Data block -
────────────────────

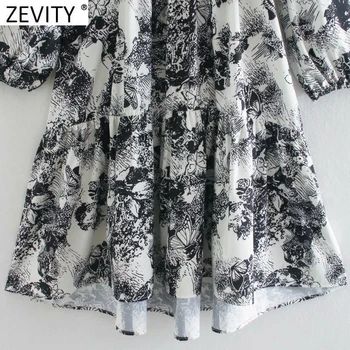 Zevity Noi 2020 Femei Vintage V Gât Pictura de Cerneală Fluture de Imprimare Tricou Casual Rochie de sex Feminin Chic Încreți Volane Vestido DS4751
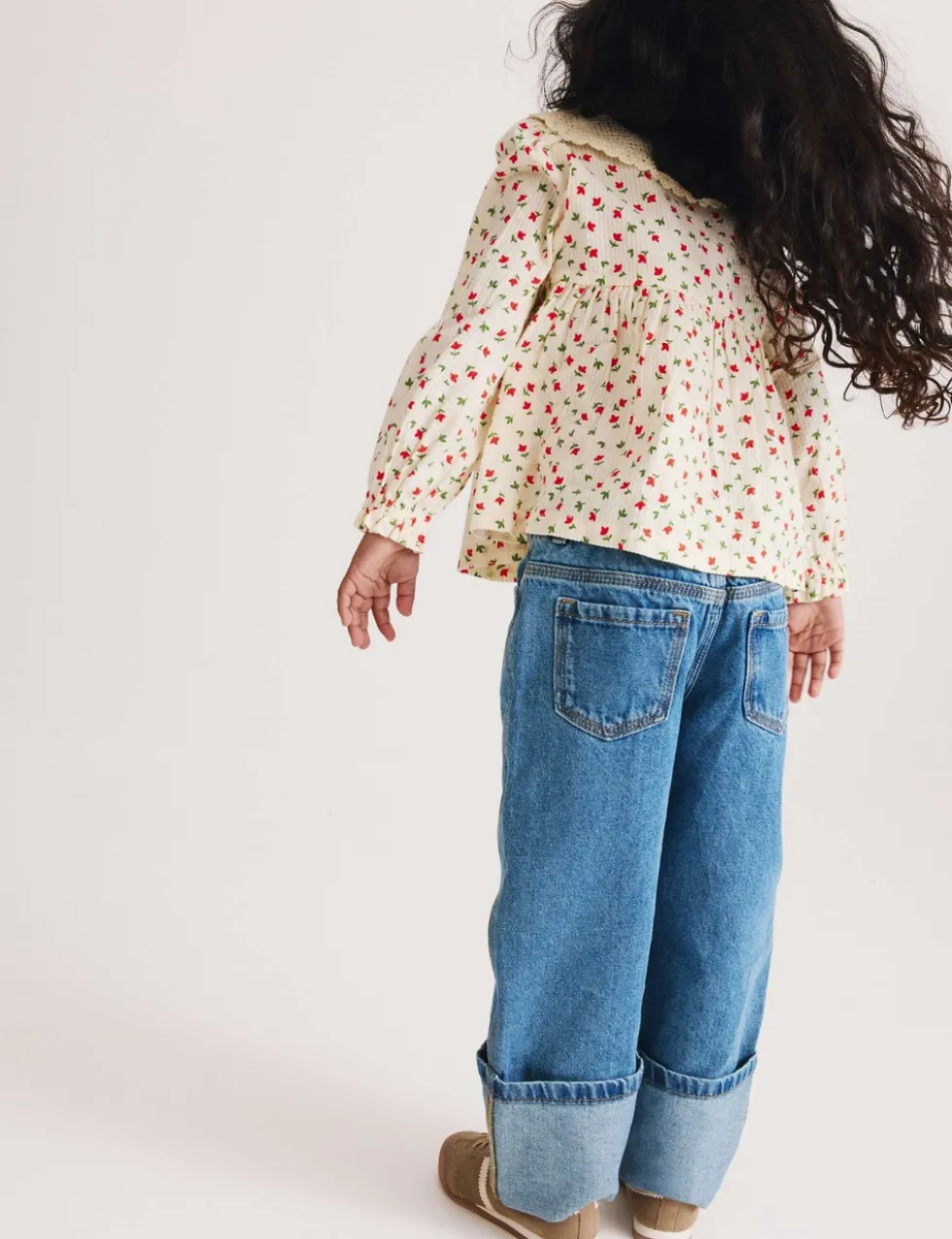 Pure Cotton Floral Embroidered Blouse (2-8 Yrs)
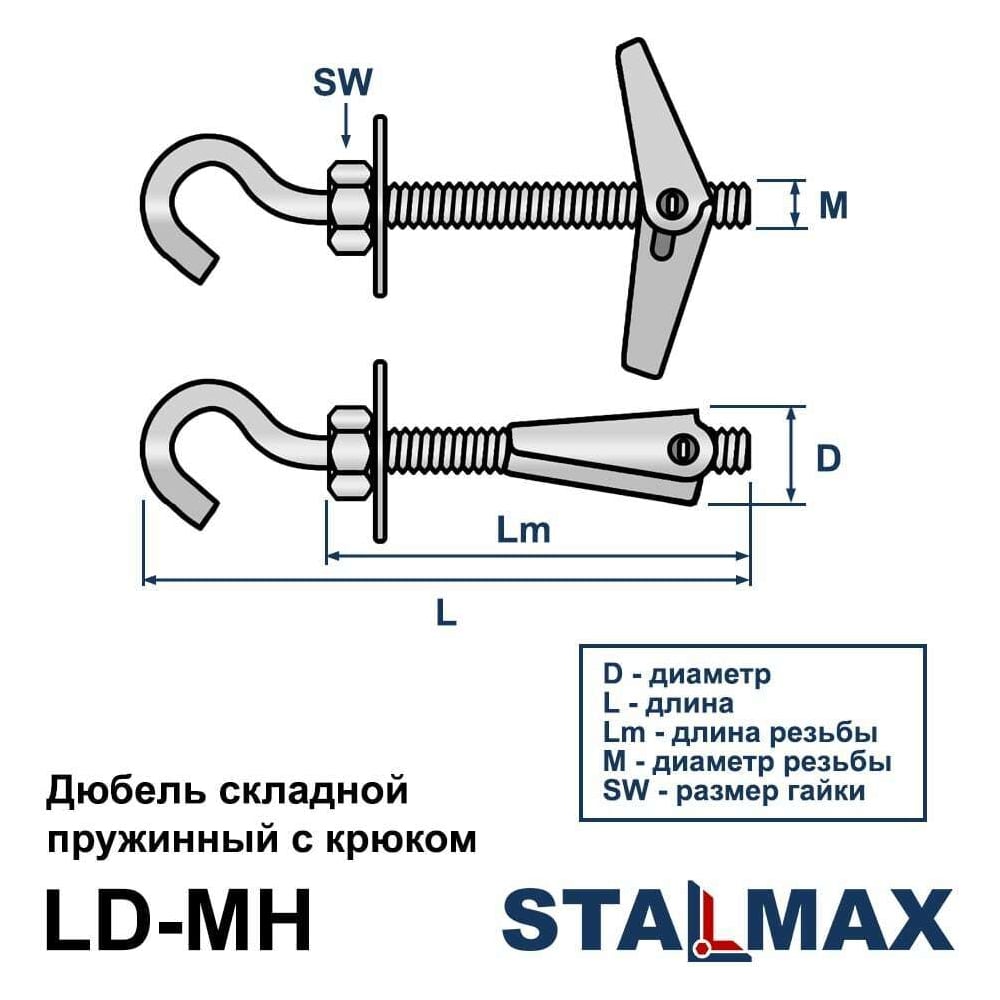 Дюбель STALMAX металлический LD-MH М8х100 складной пружинный с крюком (арт. 11639) оц. сталь (уп. 25 шт) 11639-023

────────────────────

Problem details -
Give the listing again in full, exactly as it is, but without its images.

Response area -
 Zevity Noi 2020 Femei Vintage V Gât Pictura de Cerneală Fluture de Imprimare Tricou Casual Rochie de sex Feminin Chic Încreți Volane Vestido DS4751
 Pure Cotton Floral Embroidered Blouse (2-8 Yrs)
 Дюбель STALMAX металлический LD-MH М8х100 складной пружинный с крюком (арт. 11639) оц. сталь (уп. 25 шт) 11639-023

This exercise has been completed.